**RECORDS PROVIDED:**
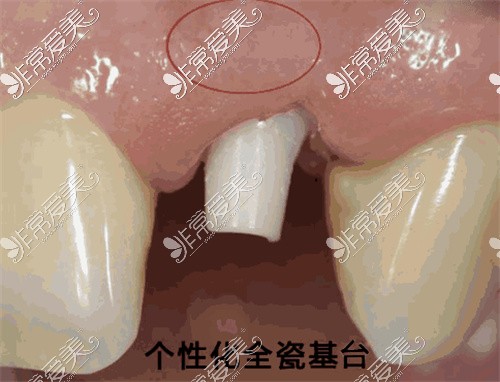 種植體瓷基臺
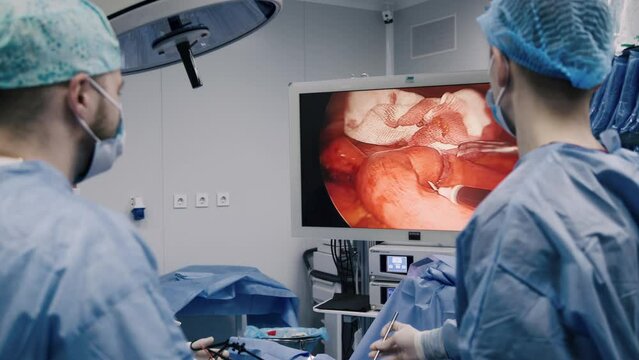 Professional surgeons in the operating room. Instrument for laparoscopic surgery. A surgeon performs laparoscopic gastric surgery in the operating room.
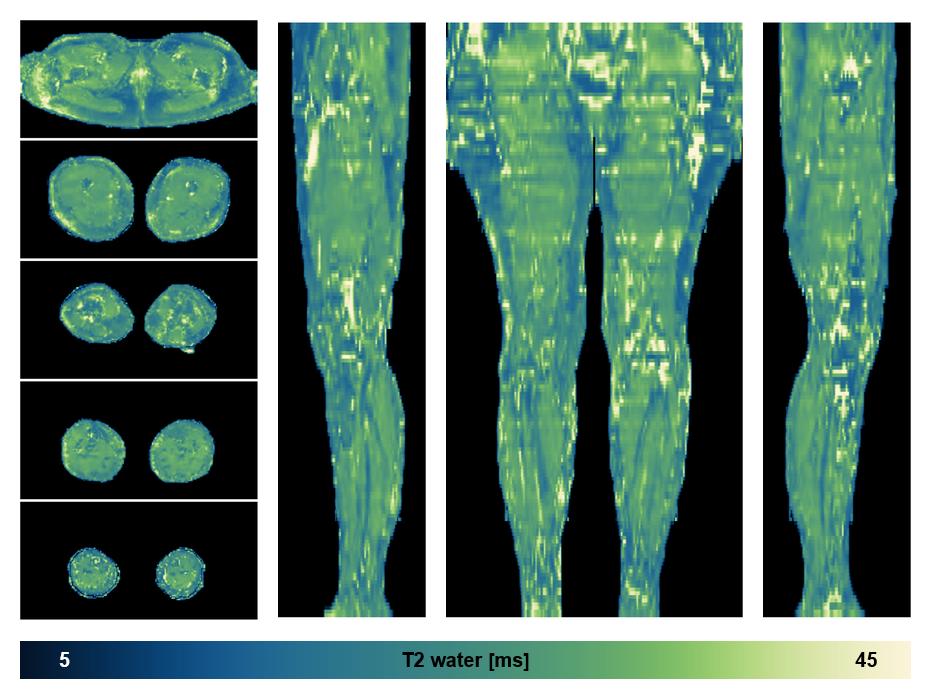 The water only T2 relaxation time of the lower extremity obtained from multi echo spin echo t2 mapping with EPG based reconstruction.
==
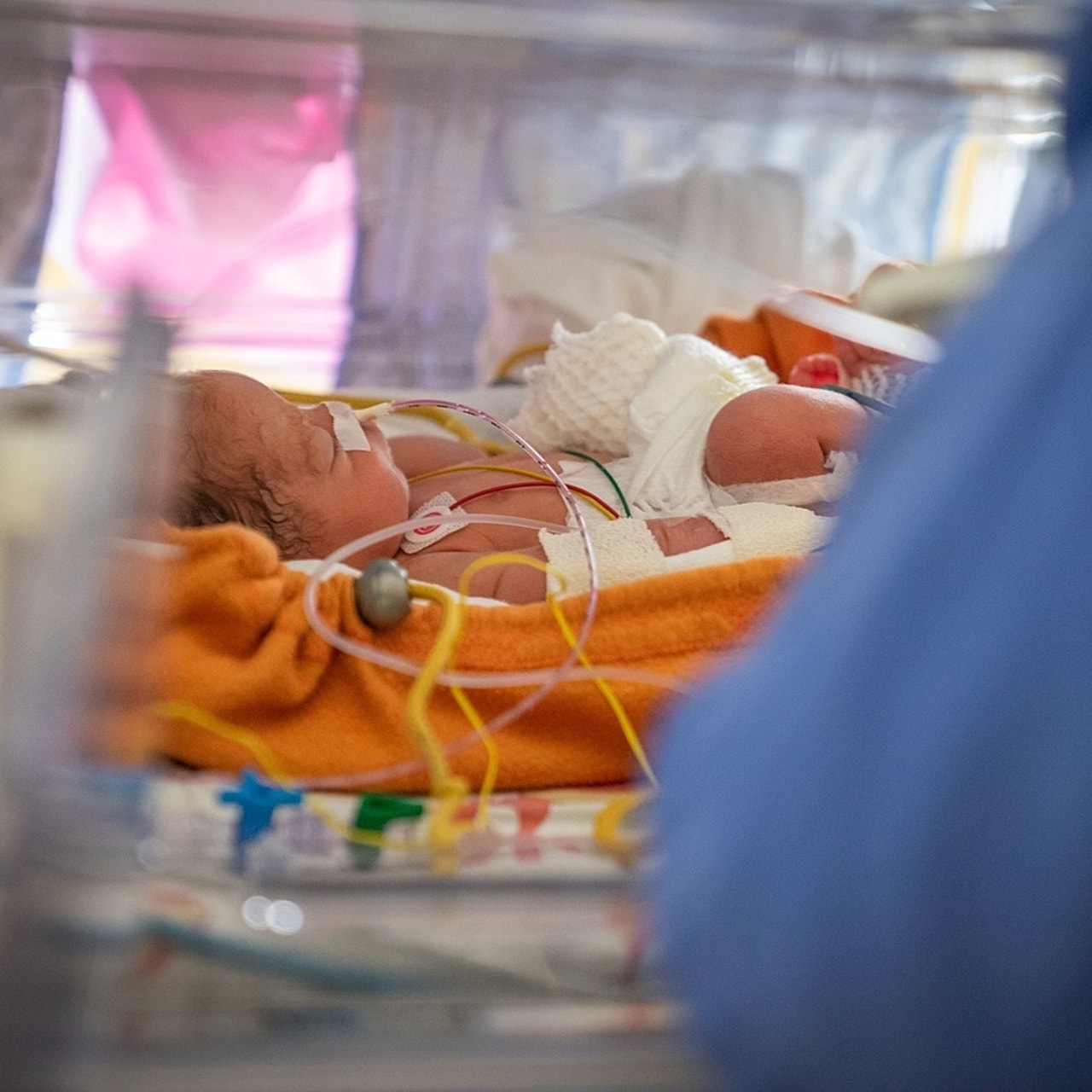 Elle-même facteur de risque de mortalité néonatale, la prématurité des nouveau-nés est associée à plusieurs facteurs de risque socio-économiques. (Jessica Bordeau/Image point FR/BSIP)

**TASK GOAL:** Repeat exactly the stretch of the listing above that starts with the line holding "Professional surgeons in" and finishes with the line holding "The water only", both included. Skip every picture.

**EXERCISE RESPONSE:**
 Professional surgeons in the operating room. Instrument for laparoscopic surgery. A surgeon performs laparoscopic gastric surgery in the operating room.
 The water only T2 relaxation time of the lower extremity obtained from multi echo spin echo t2 mapping with EPG based reconstruction.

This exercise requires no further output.